Beatriz Domínguez-Gil, directora de la Organización Nacional de Trasplantes (ONT), admitió ayer que durante el pasado año pandémico las donaciones de órganos se redujeron en torno a un 20% y que la media nacional se situó en 37,4 donantes por cada millón de habitantes, por debajo de los 38,5 captados en esta comunidad.

«Es cierto que en 2020 tuvimos menos donantes que en 2019 pero este último año fue estelar, con unos resultados espectaculares. Pese a este descenso, nuestras cifras de trasplantes siguen siendo superiores a las de cualquier país de nuestro entorno», quiso resaltar Domínguez-Gil.

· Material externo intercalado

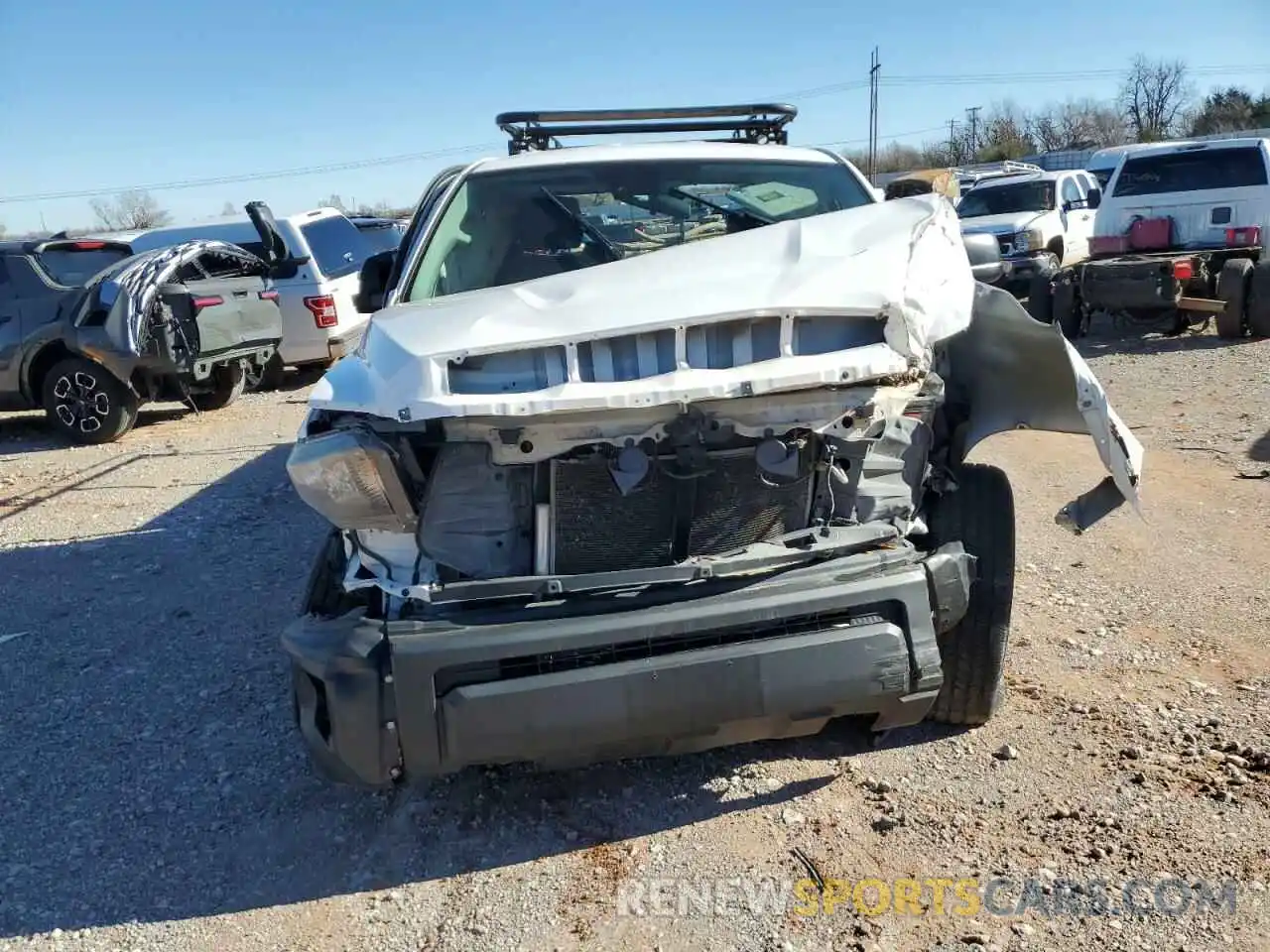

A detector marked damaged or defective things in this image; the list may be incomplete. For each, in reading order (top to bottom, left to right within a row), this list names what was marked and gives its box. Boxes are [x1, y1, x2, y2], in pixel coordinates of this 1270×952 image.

damaged vehicle [0, 201, 290, 446]
crumpled hood [308, 196, 972, 420]
crumpled hood [956, 212, 1048, 236]
shattered headlight [286, 428, 417, 532]
wrecked white suv [280, 106, 1143, 789]
damaged vehicle [282, 106, 1143, 789]
damaged front bumper [280, 536, 972, 789]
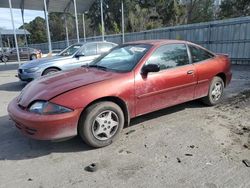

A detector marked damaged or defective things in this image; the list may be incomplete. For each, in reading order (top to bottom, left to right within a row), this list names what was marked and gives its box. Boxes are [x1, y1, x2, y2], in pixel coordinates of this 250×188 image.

dented hood [16, 68, 120, 108]
damaged red car [7, 40, 232, 148]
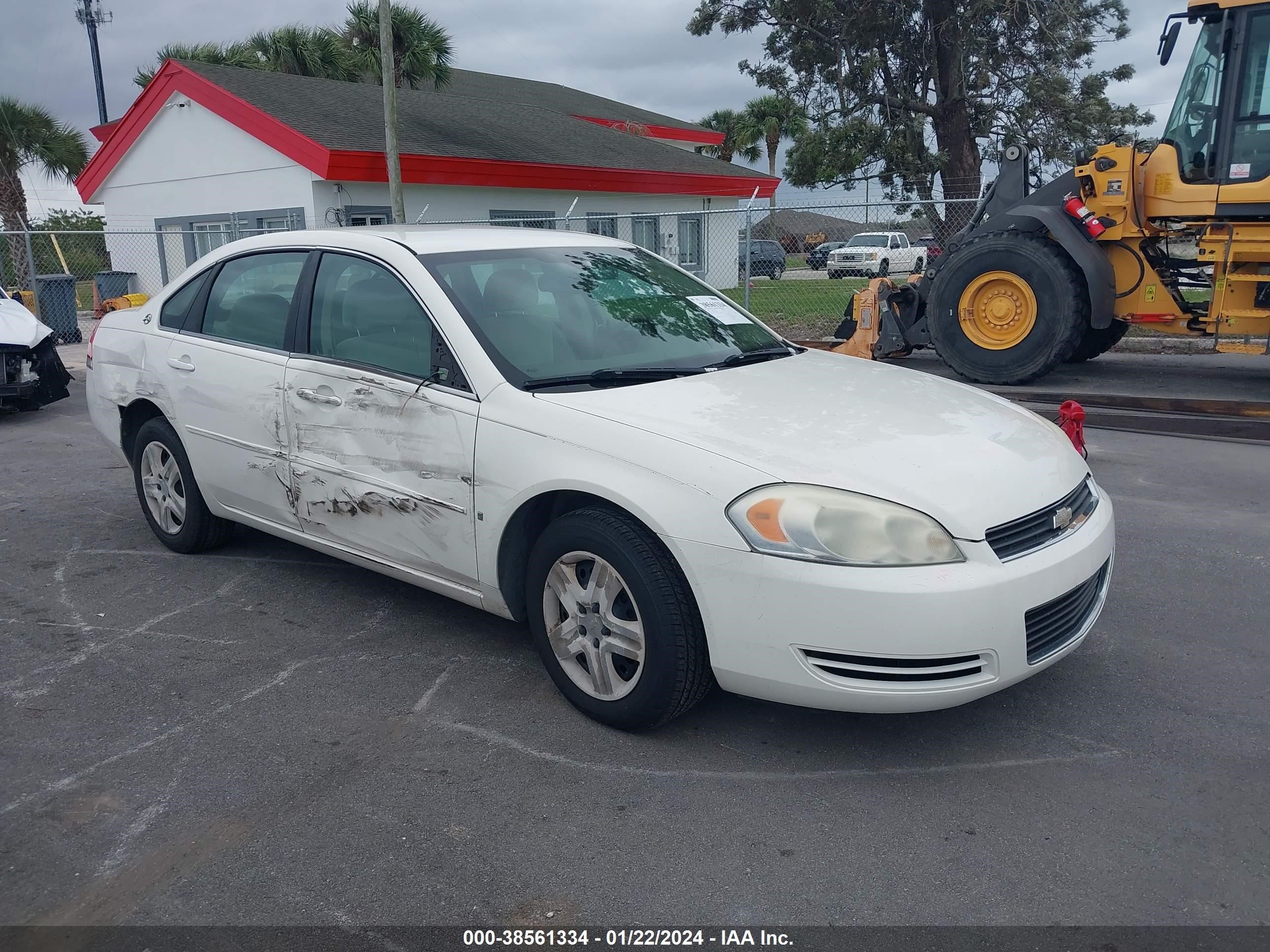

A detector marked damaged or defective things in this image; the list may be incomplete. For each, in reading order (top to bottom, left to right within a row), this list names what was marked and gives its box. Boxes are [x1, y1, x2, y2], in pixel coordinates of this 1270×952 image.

damaged car front end [0, 287, 72, 413]
damaged white sedan [0, 287, 72, 413]
dented door panel [282, 355, 477, 586]
damaged white sedan [87, 230, 1112, 731]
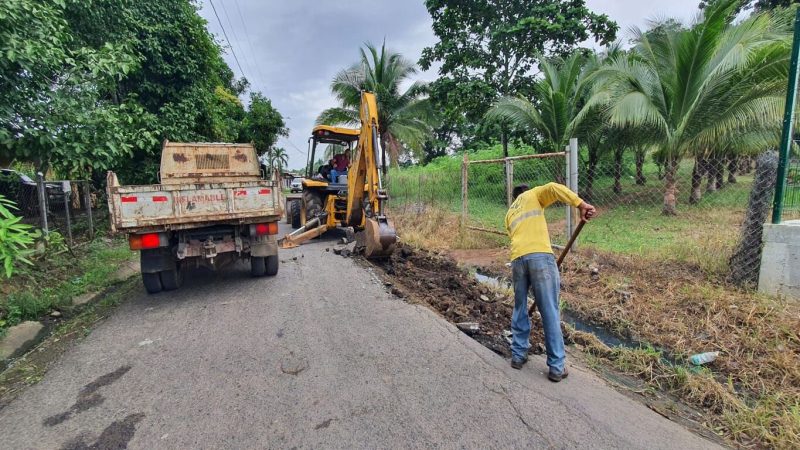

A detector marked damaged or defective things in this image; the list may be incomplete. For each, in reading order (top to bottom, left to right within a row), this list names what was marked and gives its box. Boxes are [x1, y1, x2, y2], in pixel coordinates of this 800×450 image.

rusty truck bed [106, 177, 282, 232]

La directora de la ONT admitió que cuando peor lo pasaron fue durante la primera oleada pandémica que se prolongó durante los meses de marzo, abril y mayo «porque no sabíamos casi nada sobre el nuevo virus y cómo podía afectar a nuestra actividad», reconoció señalando que a partir del mes de junio se recuperó en gran parte el ritmo habitual.

También concedió que algunos trasplantes se pudieron retrasar a causa de la covid-19 por diversas causas entre las que citó contagios entre las personas en lista de espera para recibir un órgano que dilataron más el proceso. Velasco, por su parte, reveló que tuvieron que rechazar a algún donante que había sufrido una hemorragia cerebral al detectar que también tenía covid-19. «Pero no han sido muchos los que hemos tenido que descartar, tan solo uno o dos», concluyó.